■ **Source material**:
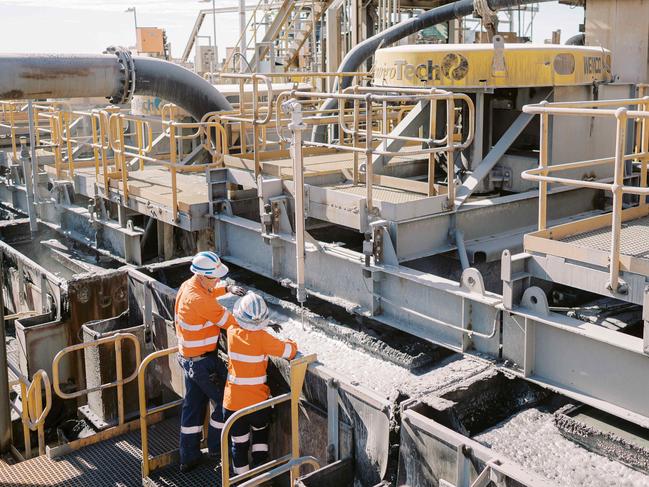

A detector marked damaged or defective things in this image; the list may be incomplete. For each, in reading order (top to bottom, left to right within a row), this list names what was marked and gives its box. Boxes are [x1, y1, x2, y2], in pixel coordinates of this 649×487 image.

rusty metal surface [0, 418, 180, 486]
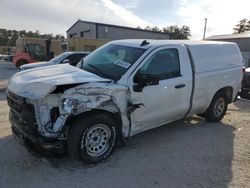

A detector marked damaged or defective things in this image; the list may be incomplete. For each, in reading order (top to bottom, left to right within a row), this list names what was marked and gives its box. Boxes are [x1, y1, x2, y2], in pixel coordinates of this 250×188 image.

crumpled hood [7, 64, 110, 100]
torn metal panel [62, 82, 131, 137]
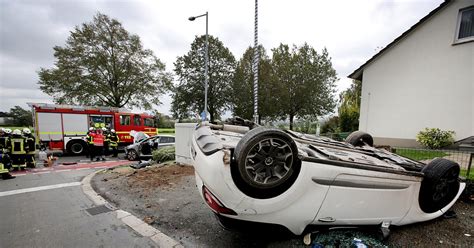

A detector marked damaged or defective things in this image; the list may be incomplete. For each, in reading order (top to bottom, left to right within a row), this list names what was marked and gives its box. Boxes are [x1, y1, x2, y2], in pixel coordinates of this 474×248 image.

overturned white car [191, 121, 464, 235]
damaged car [191, 121, 464, 235]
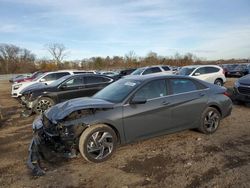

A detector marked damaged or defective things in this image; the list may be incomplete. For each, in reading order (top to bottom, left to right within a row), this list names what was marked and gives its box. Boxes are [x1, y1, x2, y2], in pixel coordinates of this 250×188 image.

crushed hood [44, 97, 114, 122]
damaged gray sedan [27, 74, 232, 176]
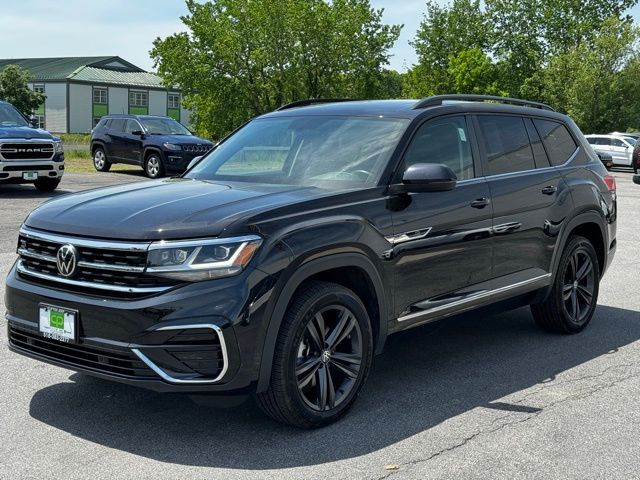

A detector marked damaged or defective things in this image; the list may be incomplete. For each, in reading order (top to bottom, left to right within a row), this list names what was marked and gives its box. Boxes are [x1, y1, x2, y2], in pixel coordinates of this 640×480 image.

■ **Problem statement**: From the line containing "this 474×248 image." to the last line of the entries, copy every line exactly, including both ends, and leave out the pictures.

■ **Answer below**:
A detector marked damaged or defective things in this image; the list may be incomplete. For each, in reading order (top to bottom, left to right within a row), this list names what was marked and gives its box. Boxes are [x1, y1, x2, y2], in pixel coordinates of this 474×248 image.

overturned white car [191, 121, 464, 235]
damaged car [191, 121, 464, 235]

A detector marked damaged or defective things in this image; the list may be incomplete. For each, in reading order (top to bottom, left to right within a row), this list names what was marked and gives its box. Boxes are [x1, y1, x2, y2], in pixel coordinates of this 250×188 image.

crushed hood [44, 97, 114, 122]
damaged gray sedan [27, 74, 232, 176]

A detector marked damaged or defective things in this image; the list may be incomplete. For each, in reading order (top to bottom, left to right within a row), this list names what was marked and gives its box. Boxes are [x1, y1, x2, y2], in pixel coordinates of this 640×480 image.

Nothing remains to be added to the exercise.